Over het algemeen werk ik inderdaad alle details uit voor ik begin te schrijven. Ik lees me in, diep de onderwerpen die ik wil behandelen grondig uit en visualiseer mijn personages, hun uiterlijk, hun verleden, hun psychologie. Voor Sharko en Henebelle lag dat iets anders, omdat die al bestonden, in eerdere romans, waar ze onafhankelijk van elkaar een ontwikkeling doormaakten. In Syndrome [E] ontmoeten ze elkaar. En die ontmoeting kreeg pas echt vorm tijdens het schrijven, omdat ik de ontwikkeling van hun relatie van tevoren nog niet goed voor me zag. Als je voorafgaand aan het schrijven je personages zo goed mogelijk probeert te leren kennen, je hun gedrag eigen maakt, ontvouwt hun relatie zich tijdens het schrijven vanzelf door de manier waarop ze op elkaar reageren. Soms ontsnappen ze daarbij aan het scenario dat je in je hoofd had en kun je weinig anders doen dan volgen! [Lucie Henebelle speelt een rol in Het gruwelhuis, Het einde van Pi en nu dus samen met collega Sharko in Het weeshuis; Franck Sharko is de hoofdrolspeler in de niet vertaalde boeken Conscience animale en Deuils de miel; nvda]

In Syndrome [E] laat je je niet echt vleiend uit over de Egyptische politie. Linkshandige lezers zouden bij Gataca hun wenkbrauwen kunnen optrekken. Houd je bij het schrijven rekening met dat soort gevoeligheden? Krijg je er reacties op van lezers? Laat je je door reacties van lezers leiden bij je werk?

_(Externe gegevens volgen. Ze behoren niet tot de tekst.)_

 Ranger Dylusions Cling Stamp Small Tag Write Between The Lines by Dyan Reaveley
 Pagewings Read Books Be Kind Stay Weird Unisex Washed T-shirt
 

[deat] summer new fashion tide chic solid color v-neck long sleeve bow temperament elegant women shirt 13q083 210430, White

Ja, ik krijg veel reacties. Gelukkig wel! Maar ik doe de waarheid geen geweld aan. De Egyptische politie is zoals ik het beschrijf, dat hebben we wel gezien tijdens de opstanden in Egypte: de politie was het voornaamste doelwit en veel politiebureaus zijn geplunderd.

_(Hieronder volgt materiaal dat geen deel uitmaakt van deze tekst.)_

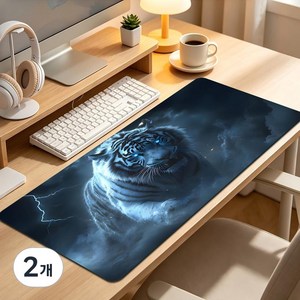 (타이거 그래픽) XXL 대형 마우스패드 900X400X3mm 고해상도 인쇄 미끄럼 방지, 호랑이.2, 2개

Nadat ze Gataca hadden gelezen, vroegen veel linkshandigen me of het waar was wat ik had geschreven [Gataca verscheen in Frankrijk in 2011, linkshandigheid staat centraal; nvda]. De meesten pakken het goed op, lachen erom en hebben er begrip voor. Ik heb regelmatig discussies met lezers en vanzelfsprekend houd ik rekening met alles wat ze me vertellen, want voor mij is dat een stap vooruit. Als een lezer uitlegt wat hij minder vond aan dit of dat boek, probeer ik te achterhalen waarom en wat ik had moeten veranderen om ervoor te zorgen dat de lezer in kwestie wél plezier had beleefd aan het boek. Ik zei het al, een thriller is een contract, een spel tussen lezer en schrijver met duidelijke spelregels: een maximum aan genot en huivering opwekken.

Research. Als vertaler merk ik elke keer dat je goed op de hoogte bent met de materie die je behandelt. Of het nou de wereld van preparateurs is, de sectiezaal, of de wiskunde. Sommige thrillerschijvers bezoeken de Body farm van de antropoloog Williamn Bass in Knoxville om hun fantasie te voeden met achtergronden en nieuwe ideeën. In Syndrome [E] zijn het film, forensisch onderzoek en hersenfysiologie… Hoe ver ga je zelf bij je research? Dompel je je als een soort cultureel antropoloog onder in bijvoorbeeld de wereld van politie en recherche om die zo getrouw mogelijk weer te geven?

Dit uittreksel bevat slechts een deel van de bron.